Una moratoria di due anni all'ingresso dei lavoratori dei dieci paesi che oggi entrano nella Ue per evitare la perdita di milioni di posti di lavoro. Soprattutto nelle piccole e medie imprese del Nordest. Ma le barriere all'entrata, mitigate dall'autorizzazione all'ingresso di 20 mila lavoratori da oggi al 31 dicembre, riguardano solo i dipendenti: tutti i lavoratori autonomi, compresi quindi i collaboratori e i nuovi lavoratori a progetto, potranno essere assunti in Italia senza limiti. Il ministro del welfare, Roberto Maroni, spiega a ItaliaOggi la via che il governo, e il suo ministero in particolare, ha scelto per gestire la libera circolazione dei nuovi cittadini-lavoratori. Precisando che la filosofia della moratoria è più quella di valutare i flussi di ingresso che di reprimerli, nonché quella di semplificare le assunzioni dei 20 mila lavoratori che potranno entrare subito nel mercato del lavoro. E sul momento drammatico che in questi giorni vivono alcune categorie di lavoratori italiani, come i dipendenti dell'Alitalia, Maroni dice: ´La situazione è grave perché i sindacati, senza rispettare gli impegni presi, stamattina (ieri, ndr)non hanno tolto i blocchi negli aeroporti'. ´Una fermata illegittima', spiega il ministro, secondo il quale ´con questo atteggiamento la soluzione della crisi è più difficile'. Domanda. Lo storico arrivo di dieci nuovi paesi nell'Unione europea è accompagnato da una moratoria di due anni agli ingressi per chi viene a lavorare in Italia. Tanto che qualcuno parla di ´porte socchiuse', e non aperte, ai nuovi cittadini. Perché questa scelta?

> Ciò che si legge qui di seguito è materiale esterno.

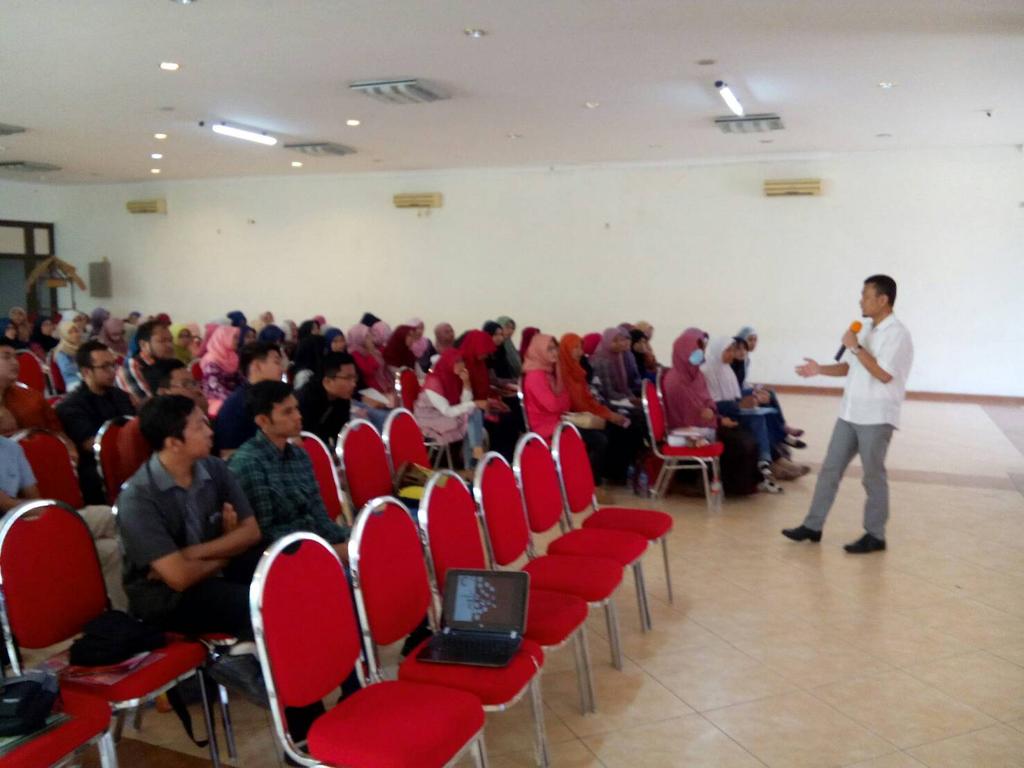 BSMISurabaya's tweet photo. Materi 2. PPGD dan transportasi korban sederhana https://t.co/ItllC0GJ0c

Risposta. Proprio perché siamo di fronte a un fatto storico, a una novità assoluta, nessuno è in grado di prevederne le dimensioni. Il timore è che le nuove ondate migratorie destabilizzino il mercato del lavoro.
D. In che modo?
R. C'è il pericolo di un'invasione in grado di far perdere milioni di posti agli italiani, dato il minor costo della manodopera in arrivo dall'Est. Un impatto devastante, che ricadrebbe soprattutto sulle piccole e medie aziende del Nord. Se invece questo impatto non ci sarà, e lo verificheremo in questi due anni, allora non ci sarà alcun problema ad aprire le frontiere indiscriminatamente. Del resto la moratoria da due a sette anni non è un'imposizione, ma un negoziato pattuito tra tutti i paesi Ue, compresi i nuovi entrati, nei trattati di adesione firmati ad Atene. E gran parte dei paesi europei è intenzionata a farne uso. Ricordo che comunque abbiamo fissato una prima quota di 20 mila lavoratori autorizzati a entrare in Italia, da oggi fino al 31 dicembre 2004.
D. Ma che tipo di lavoratori arriverà? In quali imprese e quali regioni si concentreranno?

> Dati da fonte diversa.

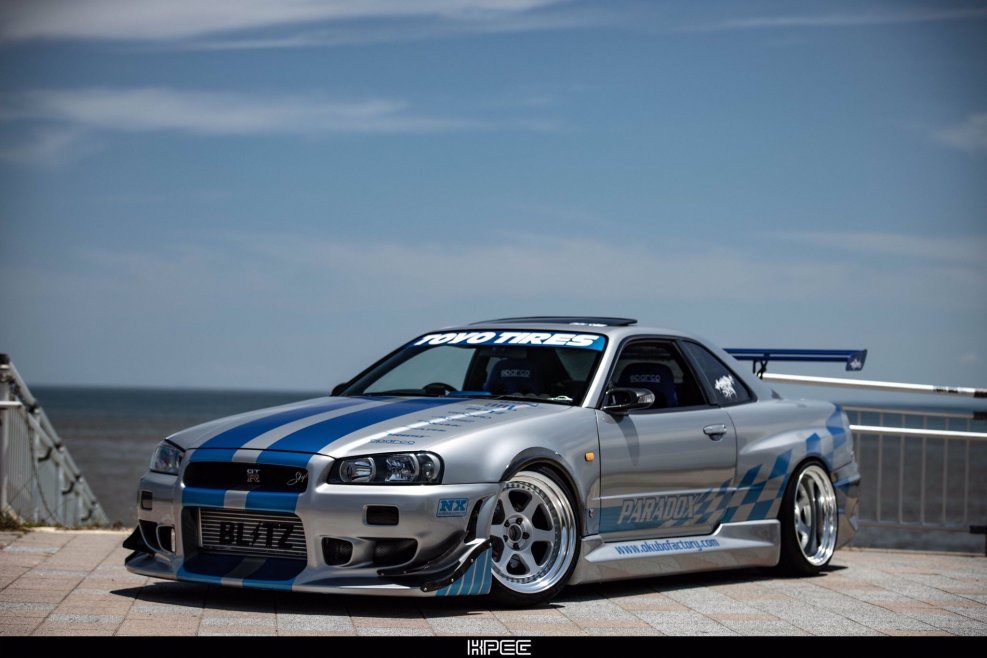 Nissan GTR r34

R. Secondo le nostre previsioni, basate sulla presenza attuale di cittadini dell'Est europeo, il primo flusso migratorio sarà caratterizzato da lavoratori stagionali, soprattutto agricoltori, che si concentreranno nel Nordest. In parecchi saranno anche impiegati nel turismo e nei servizi alla persona, soprattutto al Centronord.
D. Un problema sempre più attuale è quello della delocalizzazione. Tanto che il tema scavalca ormai i confini dell'allargamento a est dell'Europa, visto il ruolo preminente ormai conquistato da giganti ancora più a est, come l'India e la Cina. L'allargamento può comunque comportare un aumento di questa pratica. Che fare?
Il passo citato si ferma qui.